DIRECTIONS FOR THIS TASK:
Retype exactly the lines that run from the start of the data to the line holding "Bangle Excellence Or jaune 750/1000 &...", including both, and only those.

WORKING DATA:
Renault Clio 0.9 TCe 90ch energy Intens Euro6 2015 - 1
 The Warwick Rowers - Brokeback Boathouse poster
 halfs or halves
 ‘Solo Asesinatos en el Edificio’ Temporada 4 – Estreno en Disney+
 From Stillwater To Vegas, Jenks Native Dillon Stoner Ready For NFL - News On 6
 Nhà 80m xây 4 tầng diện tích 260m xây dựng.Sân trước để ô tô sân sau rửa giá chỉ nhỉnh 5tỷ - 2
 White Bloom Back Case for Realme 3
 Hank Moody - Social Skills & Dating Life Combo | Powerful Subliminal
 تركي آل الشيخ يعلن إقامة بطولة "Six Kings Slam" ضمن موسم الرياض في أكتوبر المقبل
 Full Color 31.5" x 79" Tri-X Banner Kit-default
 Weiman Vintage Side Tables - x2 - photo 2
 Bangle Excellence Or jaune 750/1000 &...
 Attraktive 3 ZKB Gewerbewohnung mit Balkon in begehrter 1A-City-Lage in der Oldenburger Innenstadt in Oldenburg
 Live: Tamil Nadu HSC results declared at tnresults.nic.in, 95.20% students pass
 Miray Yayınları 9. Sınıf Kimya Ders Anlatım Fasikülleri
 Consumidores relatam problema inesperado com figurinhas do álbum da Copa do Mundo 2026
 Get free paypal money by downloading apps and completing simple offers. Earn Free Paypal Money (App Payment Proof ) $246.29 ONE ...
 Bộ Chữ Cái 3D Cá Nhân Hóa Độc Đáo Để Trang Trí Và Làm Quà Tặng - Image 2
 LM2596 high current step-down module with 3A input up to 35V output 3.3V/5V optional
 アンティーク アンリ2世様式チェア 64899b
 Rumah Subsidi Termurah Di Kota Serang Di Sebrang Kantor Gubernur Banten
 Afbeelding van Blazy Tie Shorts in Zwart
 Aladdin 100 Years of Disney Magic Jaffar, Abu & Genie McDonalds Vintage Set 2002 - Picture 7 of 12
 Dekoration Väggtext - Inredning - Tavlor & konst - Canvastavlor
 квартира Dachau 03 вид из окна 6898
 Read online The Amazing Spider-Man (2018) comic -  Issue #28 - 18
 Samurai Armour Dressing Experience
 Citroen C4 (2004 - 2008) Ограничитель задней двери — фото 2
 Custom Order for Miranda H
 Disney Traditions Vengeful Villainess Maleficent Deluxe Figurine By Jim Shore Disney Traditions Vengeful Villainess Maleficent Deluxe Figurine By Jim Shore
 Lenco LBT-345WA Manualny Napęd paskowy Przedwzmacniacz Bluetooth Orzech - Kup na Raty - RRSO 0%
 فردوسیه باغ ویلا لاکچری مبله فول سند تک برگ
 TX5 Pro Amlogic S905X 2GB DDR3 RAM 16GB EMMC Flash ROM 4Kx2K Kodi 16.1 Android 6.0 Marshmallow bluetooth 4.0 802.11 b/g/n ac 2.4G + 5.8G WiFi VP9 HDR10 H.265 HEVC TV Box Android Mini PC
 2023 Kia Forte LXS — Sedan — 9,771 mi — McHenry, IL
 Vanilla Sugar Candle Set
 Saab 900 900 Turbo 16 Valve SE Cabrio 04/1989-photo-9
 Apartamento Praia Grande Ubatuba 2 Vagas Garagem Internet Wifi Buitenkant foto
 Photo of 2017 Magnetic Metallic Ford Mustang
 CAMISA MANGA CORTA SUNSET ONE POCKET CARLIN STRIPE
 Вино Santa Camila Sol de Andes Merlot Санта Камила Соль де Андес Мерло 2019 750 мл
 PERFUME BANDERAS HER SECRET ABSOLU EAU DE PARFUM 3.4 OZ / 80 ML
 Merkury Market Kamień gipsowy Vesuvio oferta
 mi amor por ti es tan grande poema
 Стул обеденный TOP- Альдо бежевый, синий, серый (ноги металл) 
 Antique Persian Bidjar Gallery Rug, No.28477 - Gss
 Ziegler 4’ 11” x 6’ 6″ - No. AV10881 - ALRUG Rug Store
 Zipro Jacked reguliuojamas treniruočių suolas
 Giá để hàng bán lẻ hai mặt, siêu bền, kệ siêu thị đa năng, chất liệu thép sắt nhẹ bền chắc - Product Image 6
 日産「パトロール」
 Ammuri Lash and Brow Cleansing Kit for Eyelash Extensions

EXERCISE SOLUTION:
Renault Clio 0.9 TCe 90ch energy Intens Euro6 2015 - 1
 The Warwick Rowers - Brokeback Boathouse poster
 halfs or halves
 ‘Solo Asesinatos en el Edificio’ Temporada 4 – Estreno en Disney+
 From Stillwater To Vegas, Jenks Native Dillon Stoner Ready For NFL - News On 6
 Nhà 80m xây 4 tầng diện tích 260m xây dựng.Sân trước để ô tô sân sau rửa giá chỉ nhỉnh 5tỷ - 2
 White Bloom Back Case for Realme 3
 Hank Moody - Social Skills & Dating Life Combo | Powerful Subliminal
 تركي آل الشيخ يعلن إقامة بطولة "Six Kings Slam" ضمن موسم الرياض في أكتوبر المقبل
 Full Color 31.5" x 79" Tri-X Banner Kit-default
 Weiman Vintage Side Tables - x2 - photo 2
 Bangle Excellence Or jaune 750/1000 &...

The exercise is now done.